Admin Guide
Configuration
Setting a proxy for global use
To set-up a global HTTP(S) or SOCKS5 proxy, use the following Storm command:
> playwright.setup.proxy myproxy:8080 --username $lib.globals.get(proxy:user) --password $lib.globals.get(proxy:pass)
Setting Playwright proxy for all users
Dependencies
Synapse-Playwright requires the following Power-Ups to be installed:
Name : synapse-fileparser
Version: >=4.2.1,<5.0.0
Desc : Synapse-FileParser is required in order to use the HTMLtoJSON API.
Permissions
Package (synapse-playwright) defines the following permissions:
power-ups.playwright.user : Allows a user to instantiate a Playwright browser and page. ( default: false )
power-ups.playwright.proxy : Allows a user to override the global proxy configuration. ( default: false )

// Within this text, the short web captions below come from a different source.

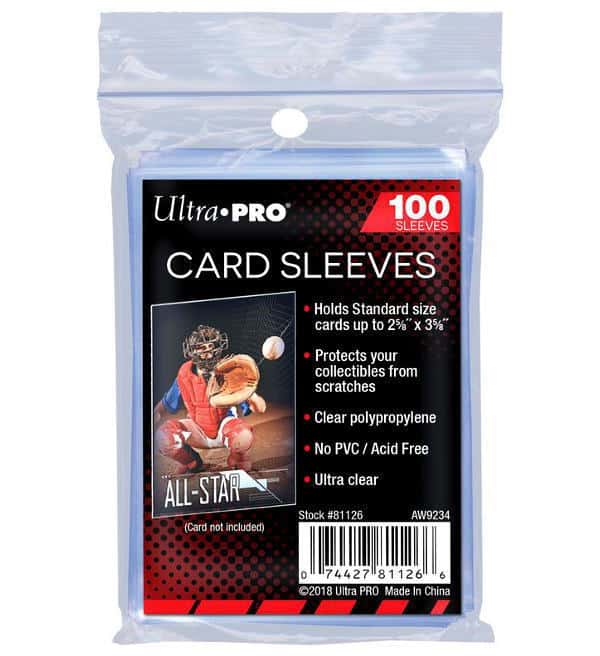 Ultra Pro - Soft Sleeves (100 Sleeves)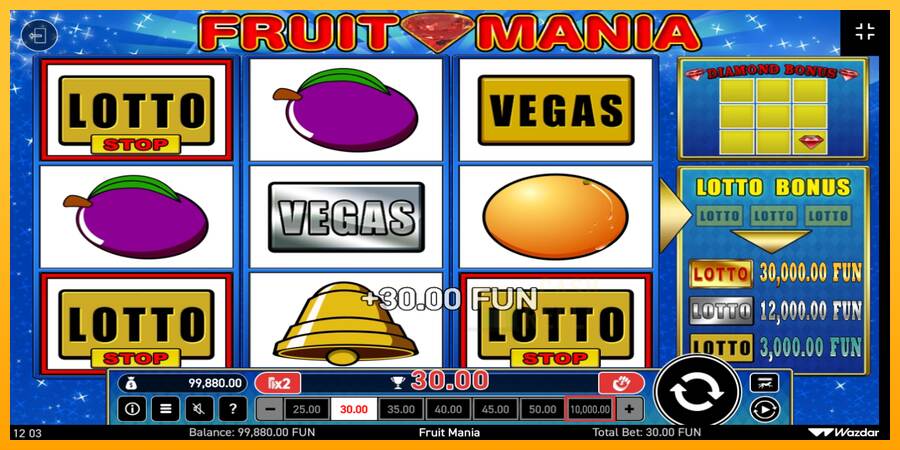 Fruit Mania macchina da gioco per soldi, immagine 2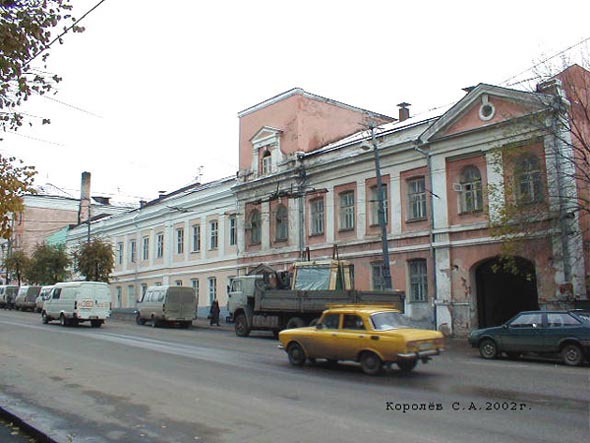 (закрыты 2003) Бани N 1 во Владимире фото vgv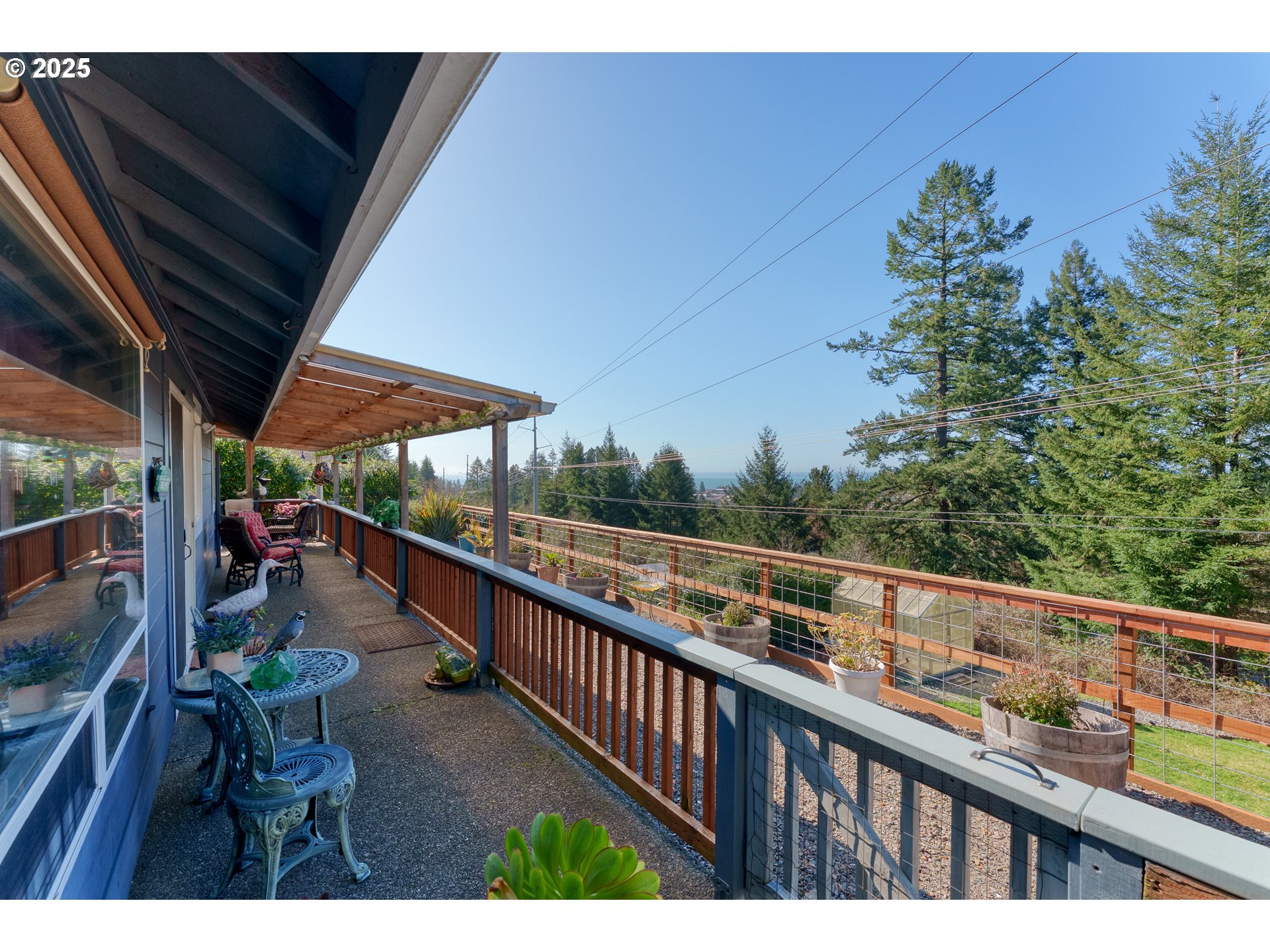 838 Marina Heights Road Brookings, OR 97415 - Photo 14 of 47 a view of city from balcony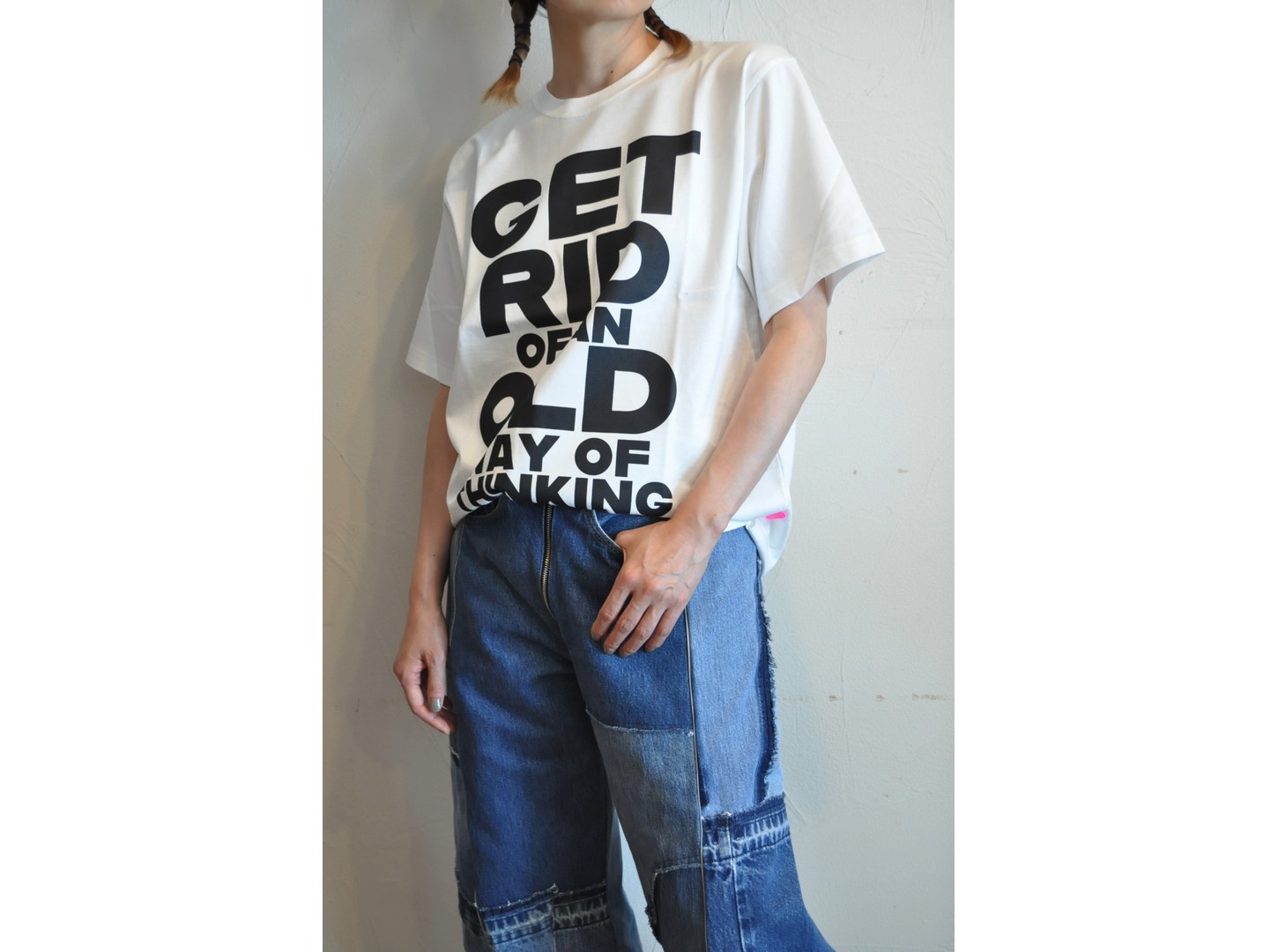 thomas magpie】logo Tshirt /【トーマスマグパイ】ロゴTシャツ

You may add rules to users/roles directly from storm:
> auth.user.addrule fred power-ups.playwright.user
Added rule power-ups.playwright.user to user fred.
or:
> auth.role.addrule ninjas power-ups.playwright.proxy
Added rule power-ups.playwright.proxy to role ninjas.
Exported Storm APIs
Synapse Playwright exports the playwright.api
module as a Storm API.
page(loadurl=(null), conf=(null))
---------------------------------
Create a new Page share.
Args:
loadurl (str or None): Optional URL to load on Page creation
conf (dict or None): Optional configuration to provide to the browser and page
Returns:
(bool, str or Page, dict): Tuple of (ok, Page or err mesg, excinfo)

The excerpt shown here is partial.